Decía que hoy el anuncio cristiano ni siquiera se oye.
Hay una expresión de Nietzsche que dice más o menos esto. Dios era im-portante cuando se intentaba demostrar su existencia, porque el hecho de que se diese un debate tan intenso atestiguaba que la cuestión de Dios era importante. Hoy no se habla de eso, porque ya no es un problema. De hecho, me parece que la fenomenología religiosa, no solo en Giussani, se concentra en el encuentro personal. Ya no se parte de la demostración.

Pueden ser las vidas de las personas las que "hablan” de Dios.
Del Dios de Jesús. Pero ya no es “la cuestión de Dios" la que se argumenta.

¿Por qué usted ha tomado y sigue tomándose tan en serio el cristianismo?
Aquí pasamos al elemento biográfico. Tuve una formación católica, con las características del cristianismo de entonces, el oratorio, la Acción Católica. Luego, para utilizar vuestro lenguaje, en la vida cuentan los encuentros. Yo me encontré con un profesor de filosofía. Era marxista y muy serio, y yo le estimaba muchísimo. Ante una persona que estimas y que no cree, se produce un retorno: ¿tiene razón él o yo? Bajo el impulso de un punto de vista distinto, he tratado de dar una explicación racional a mi fe, tanto para justificarla ante mí mismo, como para tener buenos argumentos en contra de los suyos. Con el tiempo he desarrollado un gusto por el razonamiento que ha hecho desaparecer a Dios. Ha quedado la filosofía.
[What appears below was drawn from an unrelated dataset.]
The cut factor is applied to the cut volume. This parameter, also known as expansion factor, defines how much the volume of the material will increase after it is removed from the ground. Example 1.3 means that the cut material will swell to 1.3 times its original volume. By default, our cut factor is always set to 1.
¿Lamenta haber perdido algo en este recorrido?
No ha desaparecido la figura de Cristo. Por utilizar un lenguaje típico de la teología del siglo XX, a lo largo de mi camino he realizado una desmitificación: cada vez me ha convencido menos la trascendencia y me ha persuadido la forma de vida de Jesucristo. Por ejemplo, la disposición a hacerse cargo de la vida de los demás, la donación. La «novedad absoluta» de la que habla Giussani, para mí reside en el hecho de que Cristo muestra a los hombres lo que pueden llegar a ser renunciando al propio egoísmo. Esto es lo que convence de Cristo, o mejor dicho, del modo en que se relata a Cristo.

¿Por qué le convence?
Porque veo su fecundidad. Mientras que la cuestión de la divinidad para mí es una construcción.
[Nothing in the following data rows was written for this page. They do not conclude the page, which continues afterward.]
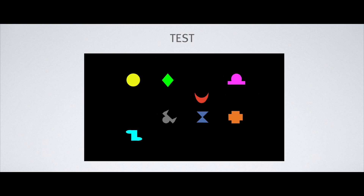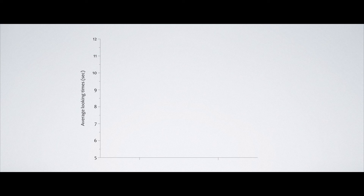Then, we tested their ability to learn these associations between context and target location. We presented the same contexts one by one — this is for instance scene A. But this time, the target could be presented either on the same location as in the learning phase, or on the diagonally opposite location. To assess whether the infants learned the associations, we measured how long they paid attention to the test scenes, depending on whether they were familiar — that is, the target-context association was respected — or unfamiliar.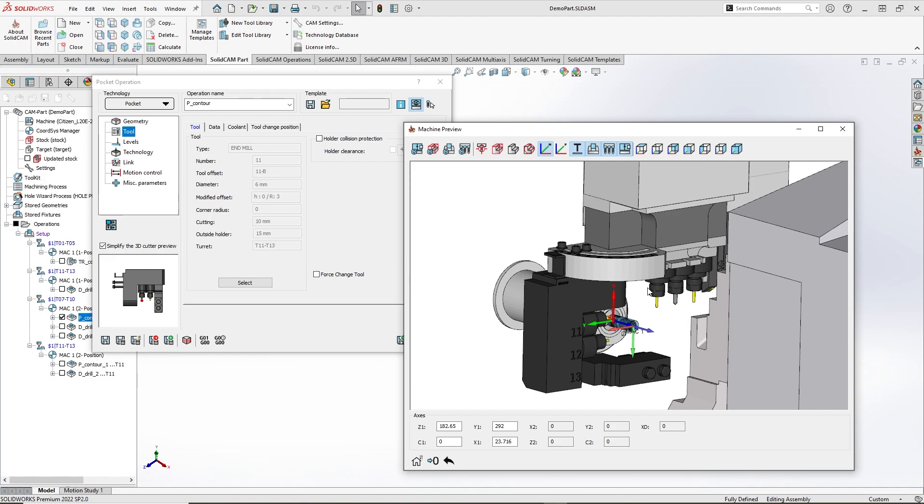After the new tool was chosen, I can see changes inside the Machine Preview window which includes changes with the first point of the tool path, linear coordinates, and C-axis position.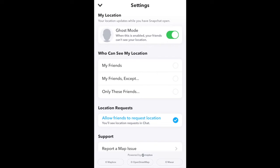To totally prevent people from seeing your location using Snapchat, turn on ghost mode by toggling the button next to ghost mode to green.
Pero una humanidad que nos fascina tanto plantea la cuestión de qué es lo que la genera. No existe Cristo sin la relación con el Padre.
Si considero la figura que relatan los Evangelios, no puedo entenderla sin esa relación. Pero entiendo cómo Jesús vive esa relación: el suyo es el Dios de Israel y él se comporta como israelita. Sé que mi discurso se opone a toda la teología tradicional, pero utilizaría la expresión “se siente hijo", quiere ser totalmente coherente con la voluntad del Padre. En Jesús se radicaliza algo que existía antes que él –la regla áurea que pertenece a todas las formas de vida religiosa, social y política: no hagas al otro lo que no quieres que te hagan a ti– y va más allá: haz a los demás lo que quieres que hagan contigo. Es la formulación de la misericordia: no se queda en una apelación a la justicia, a no liberarse del mal; porque puesto que el mal circula por el mundo, esta justicia personal resulta insuficiente. Para rescatarte a ti mismo del dolor, debes hacerte cargo del dolor del otro, de la humanidad.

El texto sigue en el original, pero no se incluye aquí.